→ Problem to work on
Each line in the material below, starting at the one that contains "Смеситель для кухни" and ending at the one that contains "Aeronautica Militare Polo", should be repeated exactly; the pictures should not.

→ Data for analysis
--- START ---

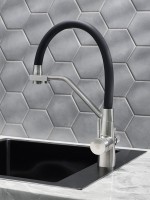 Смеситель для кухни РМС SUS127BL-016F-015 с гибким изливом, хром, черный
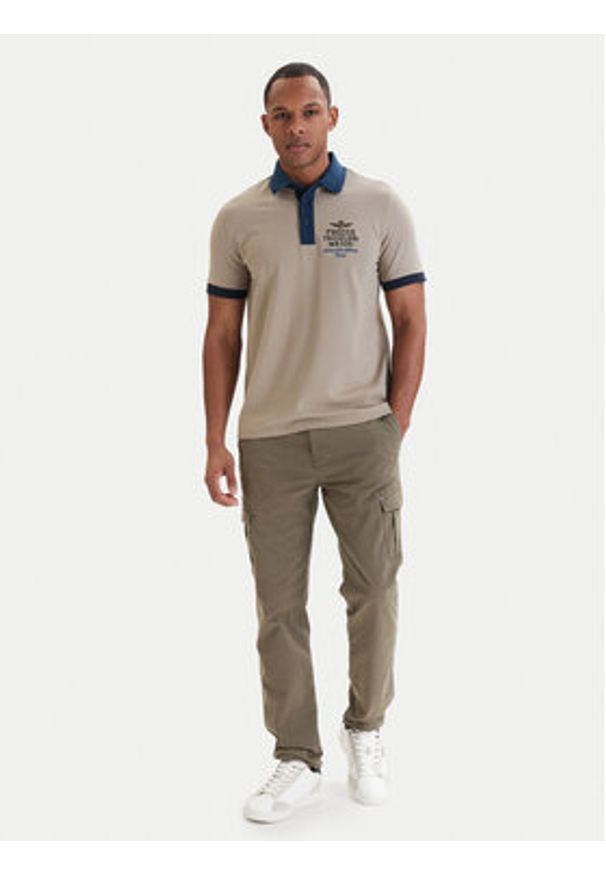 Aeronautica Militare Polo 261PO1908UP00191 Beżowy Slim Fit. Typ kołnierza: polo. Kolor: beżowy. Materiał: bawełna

--- END ---
--- START ---

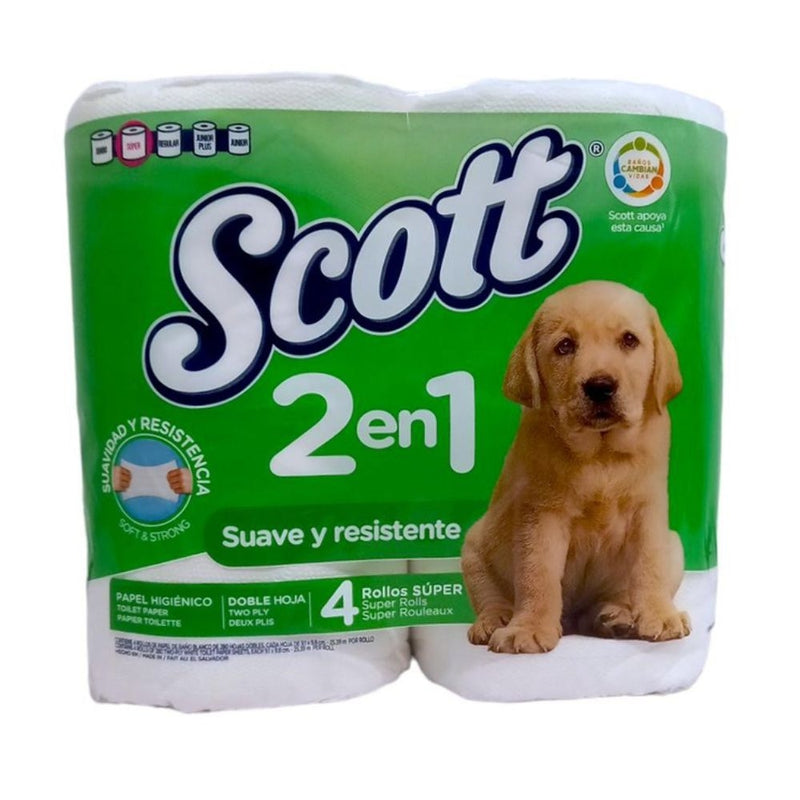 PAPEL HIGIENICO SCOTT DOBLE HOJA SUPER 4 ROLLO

--- END ---
--- START ---

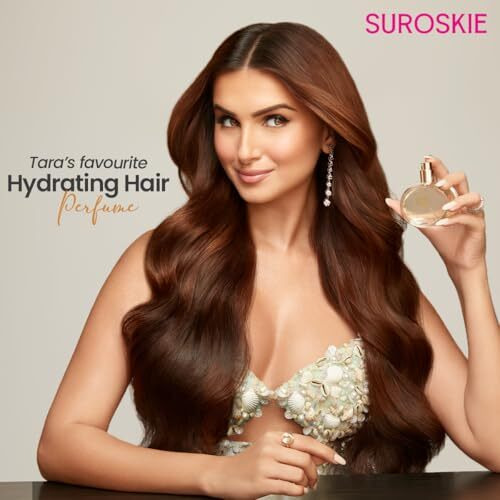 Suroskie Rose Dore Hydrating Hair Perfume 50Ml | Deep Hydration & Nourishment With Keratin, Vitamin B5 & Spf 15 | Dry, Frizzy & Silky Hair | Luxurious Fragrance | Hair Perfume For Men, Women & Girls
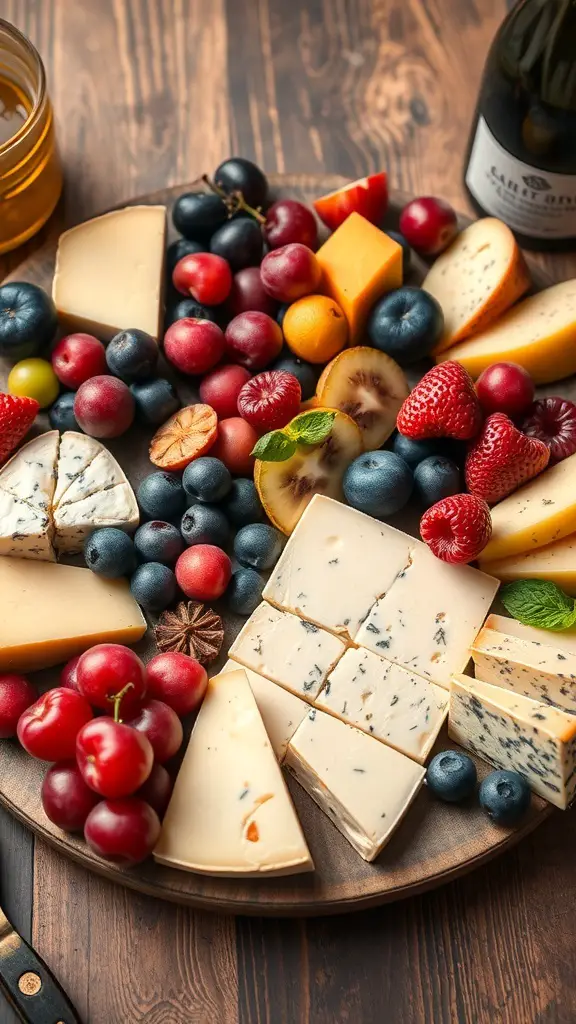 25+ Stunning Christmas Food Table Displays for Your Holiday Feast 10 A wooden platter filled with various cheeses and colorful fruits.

--- END ---

→ Answer to this task
 Смеситель для кухни РМС SUS127BL-016F-015 с гибким изливом, хром, черный
 Aeronautica Militare Polo 261PO1908UP00191 Beżowy Slim Fit. Typ kołnierza: polo. Kolor: beżowy. Materiał: bawełna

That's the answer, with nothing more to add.